Dessa forma, as políticas de Educação do Campo nesse período foram marcadas pelo duplo movimento do processo de mundialização do capital que tem combinado a crescente internacionalização das atividades econômicas, e destituição de fronteiras para a expansão e a acumulação do capital em nível global, com o movimento de reconstrução dos territórios locais e regionais, pautado na perspectiva de um desenvolvimento endógeno.

No campo brasileiro, esse processo se expressou pelo apoio do Estado ao agronegócio e à agricultura familiar, como uma das estratégias para o melhoramento da articulação entre as diferentes regiões do globo, tendo em vista uma maior descentralização das atividades econômicas em âmbito global e uma maior centralização e concentração do capital.

Desse modo, as demandas dos movimentos sociais populares do campo, referentes à sustentabilidade “ambiental, agrícola, agrária, econômica, social, política, cultural, a [à] equidade de gênero, racial, étnica e intergeracional” (BRASIL, 2009, p. 35), quando formalmente incorporadas pela política de Educação do Campo, não representaram uma oposição direta aos objetivos centrais do projeto neodesenvolvimentista, visto que puderam ser consideradas funcionais a ele, na medida em que contribuem para um melhor aproveitamento dos recursos locais, promovendo suas potencialidades com o mínimo de desperdício.

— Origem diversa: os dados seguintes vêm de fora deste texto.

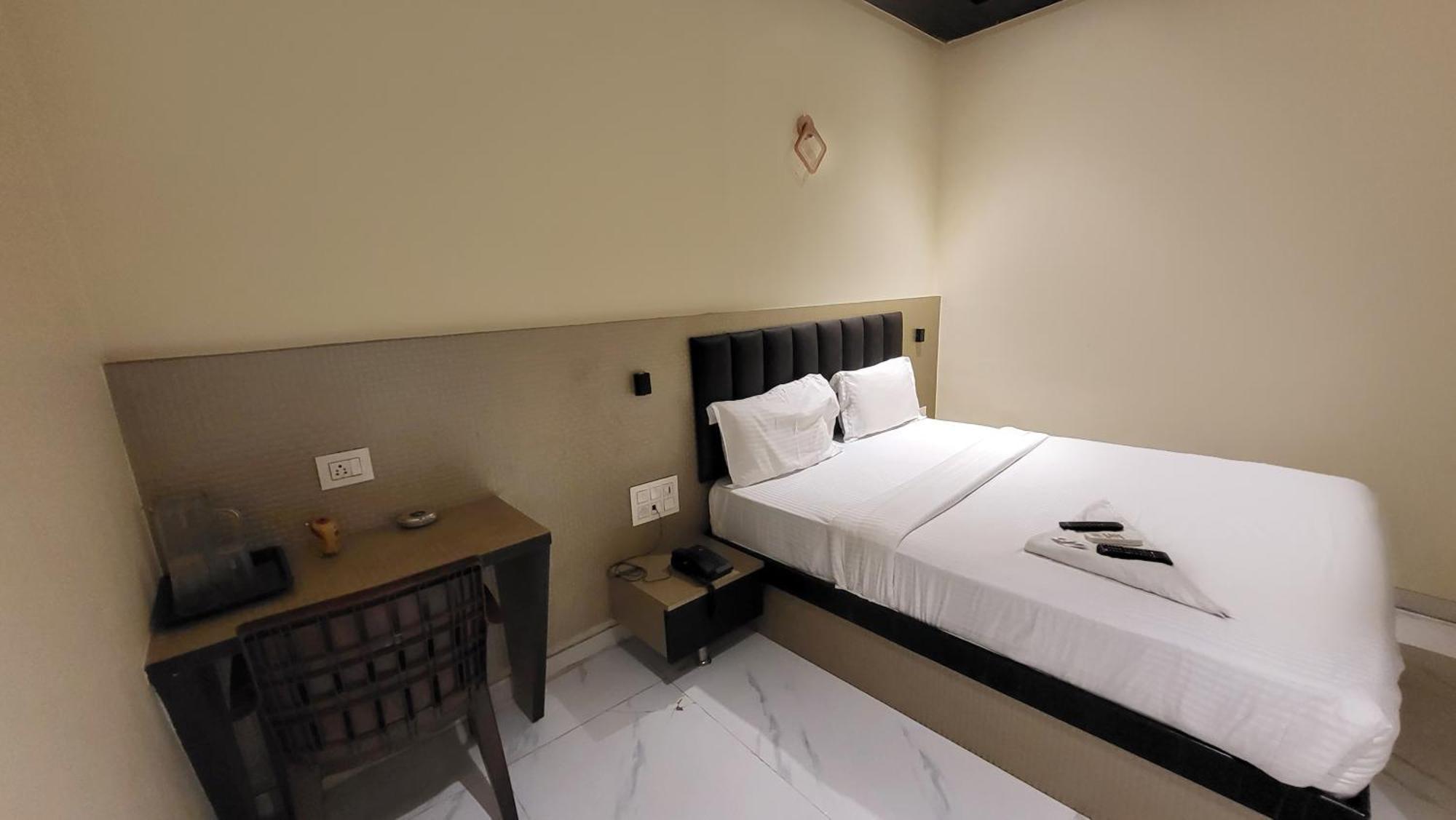 Fabhotel Prime Land - Nr Bkc Мумбаї Екстер'єр фото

Cabe destacar que a incorporação dessas demandas ocorreu de maneira mais formal do que efetiva, dado que sua efetivação exigiria rupturas estruturais que o projeto neodesenvolvimentista não se propôs a realizar.

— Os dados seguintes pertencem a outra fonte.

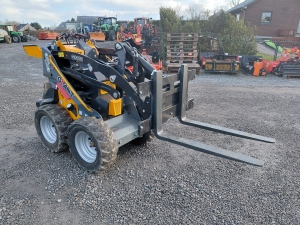 Chargeur Skid Giant GS900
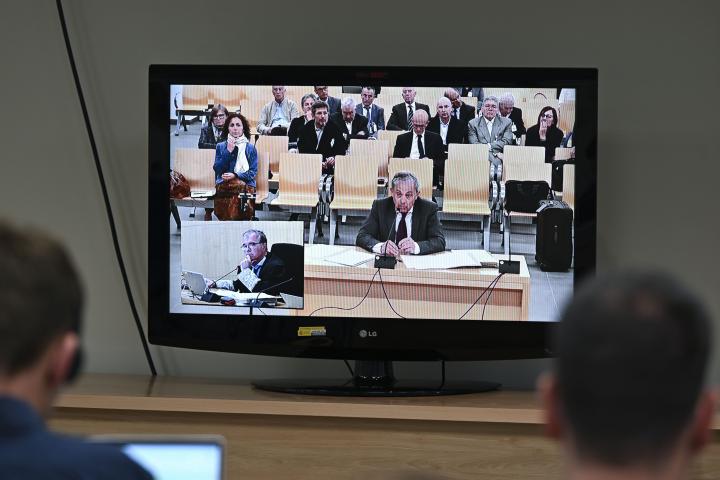 Pantalla en la sala de prensa muestra a Jordi Pujol Ferrusola declarando ante el juez en la sede de la Audiencia Nacional.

Destacamos ainda, que em nossas análises observamos uma distinção fundamental no processo de institucionalização e implementação do PRONERA em relação às demais políticas de Educação do Campo. No PRONERA ocorre a participação ativa dos movimentos sociais do campo na discussão e deliberação sobre a gestão, os aspectos financeiros e pedagógicos das propostas desenvolvidas. Isso indica a efetividade do programa em garantir o protagonismo dos trabalhadores do campo enquanto sujeitos coletivos que propõem, fazem a gestão e avaliam sua formação.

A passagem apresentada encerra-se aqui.